Revue "What's Up Doc" n°27 - Juillet Août 2016
Médecin : un métier considéré comme privilégié sur le plan financier aux yeux de la population, et pourtant un métier qui ne paye plus aux yeux des praticiens…
Où en sommes-nous avec l’argent ? Support de fantasmes inconscients, il est le nerf de la guerre entre nos désirs et la réalité. Au quotidien, notre feuille de salaire, notre chiffre d’affaires sont une préoccupation essentielle. Quelle serait notre juste rémunération ? À écouter les syndicats, les médecins seraient plutôt insatisfaits.

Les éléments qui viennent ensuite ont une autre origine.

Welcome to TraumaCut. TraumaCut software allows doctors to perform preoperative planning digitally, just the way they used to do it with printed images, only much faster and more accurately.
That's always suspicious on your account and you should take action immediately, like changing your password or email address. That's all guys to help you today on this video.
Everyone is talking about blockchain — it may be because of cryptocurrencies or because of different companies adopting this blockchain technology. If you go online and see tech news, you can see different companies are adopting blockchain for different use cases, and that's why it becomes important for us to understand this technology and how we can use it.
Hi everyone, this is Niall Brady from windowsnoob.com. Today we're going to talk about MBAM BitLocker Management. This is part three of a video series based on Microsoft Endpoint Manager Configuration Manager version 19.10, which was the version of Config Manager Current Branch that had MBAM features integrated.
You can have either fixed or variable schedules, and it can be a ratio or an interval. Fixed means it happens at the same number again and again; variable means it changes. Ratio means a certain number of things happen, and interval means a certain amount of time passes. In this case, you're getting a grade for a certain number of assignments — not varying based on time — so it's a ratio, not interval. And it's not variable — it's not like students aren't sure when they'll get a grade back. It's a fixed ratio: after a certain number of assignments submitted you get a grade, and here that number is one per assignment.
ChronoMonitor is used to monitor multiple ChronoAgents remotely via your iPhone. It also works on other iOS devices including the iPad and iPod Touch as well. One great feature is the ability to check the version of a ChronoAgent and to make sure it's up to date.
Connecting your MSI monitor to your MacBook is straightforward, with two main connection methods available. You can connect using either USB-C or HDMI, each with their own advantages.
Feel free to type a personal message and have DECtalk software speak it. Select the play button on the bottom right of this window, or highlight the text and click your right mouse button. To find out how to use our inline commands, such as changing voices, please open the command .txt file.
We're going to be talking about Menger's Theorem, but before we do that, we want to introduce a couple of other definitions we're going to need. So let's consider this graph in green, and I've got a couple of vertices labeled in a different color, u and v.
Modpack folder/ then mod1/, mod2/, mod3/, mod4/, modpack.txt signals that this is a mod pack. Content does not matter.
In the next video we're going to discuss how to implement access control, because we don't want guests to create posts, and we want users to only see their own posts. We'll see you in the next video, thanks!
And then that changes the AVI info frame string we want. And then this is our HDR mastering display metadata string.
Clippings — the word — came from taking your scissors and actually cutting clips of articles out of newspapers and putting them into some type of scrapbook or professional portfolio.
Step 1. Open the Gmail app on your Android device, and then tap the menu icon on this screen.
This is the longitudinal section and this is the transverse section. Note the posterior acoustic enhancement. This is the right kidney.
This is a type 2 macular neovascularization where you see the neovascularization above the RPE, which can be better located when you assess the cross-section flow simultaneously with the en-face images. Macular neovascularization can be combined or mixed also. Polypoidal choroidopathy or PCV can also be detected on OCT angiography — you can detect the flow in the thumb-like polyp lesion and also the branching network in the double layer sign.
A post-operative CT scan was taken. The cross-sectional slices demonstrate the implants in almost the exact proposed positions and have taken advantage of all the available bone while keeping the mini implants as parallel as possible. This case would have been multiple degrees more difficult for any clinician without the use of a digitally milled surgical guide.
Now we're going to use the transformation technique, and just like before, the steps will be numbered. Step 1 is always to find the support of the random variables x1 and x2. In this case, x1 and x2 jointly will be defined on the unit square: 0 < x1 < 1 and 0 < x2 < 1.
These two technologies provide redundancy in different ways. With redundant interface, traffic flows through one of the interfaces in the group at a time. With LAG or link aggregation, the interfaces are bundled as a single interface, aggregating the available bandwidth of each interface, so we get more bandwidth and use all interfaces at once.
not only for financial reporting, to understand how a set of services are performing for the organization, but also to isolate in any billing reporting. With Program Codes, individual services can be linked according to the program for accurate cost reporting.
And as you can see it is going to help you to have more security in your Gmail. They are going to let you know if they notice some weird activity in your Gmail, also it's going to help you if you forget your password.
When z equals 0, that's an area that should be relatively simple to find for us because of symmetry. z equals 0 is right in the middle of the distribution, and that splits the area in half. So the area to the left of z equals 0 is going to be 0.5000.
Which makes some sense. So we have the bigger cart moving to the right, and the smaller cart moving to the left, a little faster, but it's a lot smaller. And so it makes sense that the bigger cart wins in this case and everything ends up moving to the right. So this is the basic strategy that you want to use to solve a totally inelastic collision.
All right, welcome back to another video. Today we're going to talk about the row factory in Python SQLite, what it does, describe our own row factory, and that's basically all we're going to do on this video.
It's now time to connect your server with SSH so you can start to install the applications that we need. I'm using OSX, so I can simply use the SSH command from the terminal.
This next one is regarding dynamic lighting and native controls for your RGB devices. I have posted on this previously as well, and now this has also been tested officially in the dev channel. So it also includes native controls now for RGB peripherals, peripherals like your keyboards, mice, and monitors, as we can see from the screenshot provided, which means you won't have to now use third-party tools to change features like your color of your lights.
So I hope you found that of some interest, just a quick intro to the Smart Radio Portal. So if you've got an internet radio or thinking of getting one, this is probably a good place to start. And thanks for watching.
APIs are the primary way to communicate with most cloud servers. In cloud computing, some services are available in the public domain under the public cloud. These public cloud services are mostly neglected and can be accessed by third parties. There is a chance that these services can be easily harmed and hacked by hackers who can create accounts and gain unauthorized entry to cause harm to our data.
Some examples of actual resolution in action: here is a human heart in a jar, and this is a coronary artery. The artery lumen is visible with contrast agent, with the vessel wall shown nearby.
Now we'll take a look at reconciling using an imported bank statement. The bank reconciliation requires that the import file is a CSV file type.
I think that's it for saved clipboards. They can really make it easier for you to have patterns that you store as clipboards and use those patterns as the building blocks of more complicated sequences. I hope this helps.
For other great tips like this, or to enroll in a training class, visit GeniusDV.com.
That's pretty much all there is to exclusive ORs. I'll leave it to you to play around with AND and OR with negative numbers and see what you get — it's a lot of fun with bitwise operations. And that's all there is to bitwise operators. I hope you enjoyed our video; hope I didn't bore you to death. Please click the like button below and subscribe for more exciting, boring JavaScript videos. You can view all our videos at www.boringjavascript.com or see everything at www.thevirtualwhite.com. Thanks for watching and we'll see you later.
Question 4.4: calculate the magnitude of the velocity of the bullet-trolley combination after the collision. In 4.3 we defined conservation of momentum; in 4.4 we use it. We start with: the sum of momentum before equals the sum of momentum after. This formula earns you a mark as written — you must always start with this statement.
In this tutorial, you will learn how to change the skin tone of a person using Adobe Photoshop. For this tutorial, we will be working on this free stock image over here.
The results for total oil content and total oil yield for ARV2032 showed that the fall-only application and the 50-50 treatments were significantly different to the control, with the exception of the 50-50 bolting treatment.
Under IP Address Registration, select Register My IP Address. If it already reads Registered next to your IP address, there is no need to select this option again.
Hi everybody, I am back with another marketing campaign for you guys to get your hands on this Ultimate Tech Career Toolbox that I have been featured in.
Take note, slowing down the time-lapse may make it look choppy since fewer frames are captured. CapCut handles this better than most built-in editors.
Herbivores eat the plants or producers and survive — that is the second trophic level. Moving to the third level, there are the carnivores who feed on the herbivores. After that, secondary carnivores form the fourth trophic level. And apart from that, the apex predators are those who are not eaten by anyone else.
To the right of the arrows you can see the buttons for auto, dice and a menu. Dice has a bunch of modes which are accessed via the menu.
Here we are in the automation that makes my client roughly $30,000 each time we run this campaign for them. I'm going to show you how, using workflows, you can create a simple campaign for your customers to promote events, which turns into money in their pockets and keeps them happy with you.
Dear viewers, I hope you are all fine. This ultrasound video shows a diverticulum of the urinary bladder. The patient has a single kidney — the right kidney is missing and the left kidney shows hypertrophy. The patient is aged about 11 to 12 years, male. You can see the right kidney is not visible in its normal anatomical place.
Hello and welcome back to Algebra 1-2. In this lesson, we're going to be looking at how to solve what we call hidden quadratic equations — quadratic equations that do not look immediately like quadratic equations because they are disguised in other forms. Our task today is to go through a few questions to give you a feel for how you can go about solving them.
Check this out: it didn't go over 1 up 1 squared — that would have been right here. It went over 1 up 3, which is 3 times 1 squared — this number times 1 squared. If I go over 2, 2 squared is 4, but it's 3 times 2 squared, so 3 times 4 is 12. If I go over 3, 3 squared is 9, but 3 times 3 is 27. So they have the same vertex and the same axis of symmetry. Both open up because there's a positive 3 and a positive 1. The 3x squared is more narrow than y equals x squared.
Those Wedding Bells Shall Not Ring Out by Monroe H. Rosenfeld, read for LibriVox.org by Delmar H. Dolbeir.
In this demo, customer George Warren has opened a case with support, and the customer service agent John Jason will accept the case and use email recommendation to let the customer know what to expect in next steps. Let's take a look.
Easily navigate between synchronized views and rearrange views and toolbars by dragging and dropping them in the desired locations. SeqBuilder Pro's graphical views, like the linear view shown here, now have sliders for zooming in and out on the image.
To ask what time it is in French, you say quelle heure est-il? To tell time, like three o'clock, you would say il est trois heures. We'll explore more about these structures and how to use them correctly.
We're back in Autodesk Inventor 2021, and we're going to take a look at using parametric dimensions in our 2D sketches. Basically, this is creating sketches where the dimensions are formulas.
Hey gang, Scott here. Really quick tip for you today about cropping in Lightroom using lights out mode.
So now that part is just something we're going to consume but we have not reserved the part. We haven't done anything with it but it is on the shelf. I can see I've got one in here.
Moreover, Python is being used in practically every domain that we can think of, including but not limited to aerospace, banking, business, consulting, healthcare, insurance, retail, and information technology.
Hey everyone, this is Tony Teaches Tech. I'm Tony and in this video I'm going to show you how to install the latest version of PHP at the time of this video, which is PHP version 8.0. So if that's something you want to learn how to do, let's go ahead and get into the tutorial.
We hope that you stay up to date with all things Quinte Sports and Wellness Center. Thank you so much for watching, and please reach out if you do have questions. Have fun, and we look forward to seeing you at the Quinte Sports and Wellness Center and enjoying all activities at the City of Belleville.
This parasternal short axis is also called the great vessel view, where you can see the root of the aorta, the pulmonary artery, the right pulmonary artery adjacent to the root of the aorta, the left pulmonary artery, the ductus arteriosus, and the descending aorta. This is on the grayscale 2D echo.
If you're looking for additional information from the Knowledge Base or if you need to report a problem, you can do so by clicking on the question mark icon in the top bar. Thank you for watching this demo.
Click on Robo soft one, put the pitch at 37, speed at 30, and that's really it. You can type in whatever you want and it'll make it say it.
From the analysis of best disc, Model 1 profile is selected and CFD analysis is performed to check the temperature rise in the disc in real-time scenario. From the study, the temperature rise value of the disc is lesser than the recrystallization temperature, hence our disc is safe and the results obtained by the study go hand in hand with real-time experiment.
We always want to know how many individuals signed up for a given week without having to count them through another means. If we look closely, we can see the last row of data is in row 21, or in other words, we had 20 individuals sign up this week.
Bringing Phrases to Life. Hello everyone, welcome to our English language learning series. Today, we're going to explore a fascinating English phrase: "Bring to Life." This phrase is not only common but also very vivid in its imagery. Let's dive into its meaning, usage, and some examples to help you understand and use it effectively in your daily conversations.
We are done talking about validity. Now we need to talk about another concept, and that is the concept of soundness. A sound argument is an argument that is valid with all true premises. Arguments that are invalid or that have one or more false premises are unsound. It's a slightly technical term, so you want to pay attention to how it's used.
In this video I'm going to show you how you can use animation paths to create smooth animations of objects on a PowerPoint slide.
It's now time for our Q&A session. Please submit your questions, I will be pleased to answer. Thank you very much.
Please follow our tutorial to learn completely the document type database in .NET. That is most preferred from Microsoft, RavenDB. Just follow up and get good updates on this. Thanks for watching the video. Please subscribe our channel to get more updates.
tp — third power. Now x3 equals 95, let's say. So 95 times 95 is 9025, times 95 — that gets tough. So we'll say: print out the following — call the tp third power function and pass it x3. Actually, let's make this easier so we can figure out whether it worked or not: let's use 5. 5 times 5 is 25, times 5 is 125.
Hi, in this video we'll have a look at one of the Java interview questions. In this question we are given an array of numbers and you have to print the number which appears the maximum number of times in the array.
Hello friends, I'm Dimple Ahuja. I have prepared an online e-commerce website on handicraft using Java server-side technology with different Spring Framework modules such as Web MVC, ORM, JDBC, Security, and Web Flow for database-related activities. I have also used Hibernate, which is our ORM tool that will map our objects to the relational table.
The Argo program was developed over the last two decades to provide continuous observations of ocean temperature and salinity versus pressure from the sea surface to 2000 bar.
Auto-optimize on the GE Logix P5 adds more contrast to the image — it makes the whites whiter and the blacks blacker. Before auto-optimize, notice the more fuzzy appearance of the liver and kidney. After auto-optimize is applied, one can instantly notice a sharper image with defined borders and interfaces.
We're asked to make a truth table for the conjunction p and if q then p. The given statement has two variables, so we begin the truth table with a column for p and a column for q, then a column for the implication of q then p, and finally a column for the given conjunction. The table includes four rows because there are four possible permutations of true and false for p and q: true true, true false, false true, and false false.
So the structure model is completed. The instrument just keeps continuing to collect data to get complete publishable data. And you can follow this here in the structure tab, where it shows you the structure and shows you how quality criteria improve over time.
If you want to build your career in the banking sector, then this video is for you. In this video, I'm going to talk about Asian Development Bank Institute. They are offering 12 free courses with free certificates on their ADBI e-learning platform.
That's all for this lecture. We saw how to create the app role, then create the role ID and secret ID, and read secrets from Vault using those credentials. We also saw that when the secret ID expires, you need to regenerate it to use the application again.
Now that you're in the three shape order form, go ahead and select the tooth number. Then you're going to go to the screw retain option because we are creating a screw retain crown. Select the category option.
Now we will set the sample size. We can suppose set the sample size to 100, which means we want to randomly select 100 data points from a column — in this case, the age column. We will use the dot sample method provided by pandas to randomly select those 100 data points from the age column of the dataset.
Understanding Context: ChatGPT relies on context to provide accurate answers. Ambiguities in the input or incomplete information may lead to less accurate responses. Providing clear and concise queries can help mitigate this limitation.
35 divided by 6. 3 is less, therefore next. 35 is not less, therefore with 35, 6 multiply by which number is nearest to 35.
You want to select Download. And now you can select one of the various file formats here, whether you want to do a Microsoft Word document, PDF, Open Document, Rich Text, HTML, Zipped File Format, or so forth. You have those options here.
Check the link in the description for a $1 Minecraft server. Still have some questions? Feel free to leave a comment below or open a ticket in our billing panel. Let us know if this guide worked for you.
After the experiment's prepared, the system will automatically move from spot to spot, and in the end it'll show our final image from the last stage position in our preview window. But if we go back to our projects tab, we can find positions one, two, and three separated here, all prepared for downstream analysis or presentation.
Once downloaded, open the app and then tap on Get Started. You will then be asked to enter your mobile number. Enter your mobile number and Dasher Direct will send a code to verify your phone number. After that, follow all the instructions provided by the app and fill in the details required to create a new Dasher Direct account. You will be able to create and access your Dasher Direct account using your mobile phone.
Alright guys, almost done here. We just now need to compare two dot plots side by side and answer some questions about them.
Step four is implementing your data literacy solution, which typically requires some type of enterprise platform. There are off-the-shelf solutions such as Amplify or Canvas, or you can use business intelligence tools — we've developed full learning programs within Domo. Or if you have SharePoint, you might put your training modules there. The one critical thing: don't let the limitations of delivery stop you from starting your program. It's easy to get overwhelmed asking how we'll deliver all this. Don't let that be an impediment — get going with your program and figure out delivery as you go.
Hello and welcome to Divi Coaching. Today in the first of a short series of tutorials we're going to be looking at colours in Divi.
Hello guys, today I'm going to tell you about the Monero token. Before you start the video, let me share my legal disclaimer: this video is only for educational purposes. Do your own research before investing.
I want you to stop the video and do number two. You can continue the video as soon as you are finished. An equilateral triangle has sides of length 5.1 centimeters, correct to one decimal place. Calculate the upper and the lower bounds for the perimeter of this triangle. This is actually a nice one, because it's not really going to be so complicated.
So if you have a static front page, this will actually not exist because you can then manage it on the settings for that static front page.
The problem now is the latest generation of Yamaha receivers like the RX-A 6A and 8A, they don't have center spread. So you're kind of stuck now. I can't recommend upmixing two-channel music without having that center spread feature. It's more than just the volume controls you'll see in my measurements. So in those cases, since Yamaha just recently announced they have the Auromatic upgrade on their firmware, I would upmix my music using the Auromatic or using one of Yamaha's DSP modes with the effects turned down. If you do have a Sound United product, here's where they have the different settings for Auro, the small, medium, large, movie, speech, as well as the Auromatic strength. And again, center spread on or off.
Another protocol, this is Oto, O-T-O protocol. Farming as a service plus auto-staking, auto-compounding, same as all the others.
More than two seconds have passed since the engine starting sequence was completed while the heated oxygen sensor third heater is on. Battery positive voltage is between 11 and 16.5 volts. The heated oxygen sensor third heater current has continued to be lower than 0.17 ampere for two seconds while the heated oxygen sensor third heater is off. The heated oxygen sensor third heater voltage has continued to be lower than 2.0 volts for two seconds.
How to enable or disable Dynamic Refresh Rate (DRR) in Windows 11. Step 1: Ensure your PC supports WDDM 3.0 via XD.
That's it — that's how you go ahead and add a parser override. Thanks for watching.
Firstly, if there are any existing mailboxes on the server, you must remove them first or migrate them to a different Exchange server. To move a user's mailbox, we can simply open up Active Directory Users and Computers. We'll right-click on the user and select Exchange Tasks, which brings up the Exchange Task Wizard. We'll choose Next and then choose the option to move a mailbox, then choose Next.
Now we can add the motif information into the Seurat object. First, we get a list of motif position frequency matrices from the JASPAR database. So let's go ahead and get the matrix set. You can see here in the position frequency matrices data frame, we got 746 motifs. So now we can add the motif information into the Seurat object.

Pris entre un système de santé dont le montage financier est à bout de course, la culpabilité de demander rétribution aux patients nécessairement en situation de vulnérabilité, et des idées néanmoins assez précises sur une rémunération minimum attendue, nous sommes bien en peine de nous exprimer à ce sujet. Comme si parler argent était grossier, en tout cas en opposition avec la question du service public et du soin.
De retour sur l’origine de ce tabou qu’est pour nous l’argent, What’s Up Doc trempe ses lèvres afin de tester le goût du fric en santé et d’en livrer les saveurs, douces ou amères…
...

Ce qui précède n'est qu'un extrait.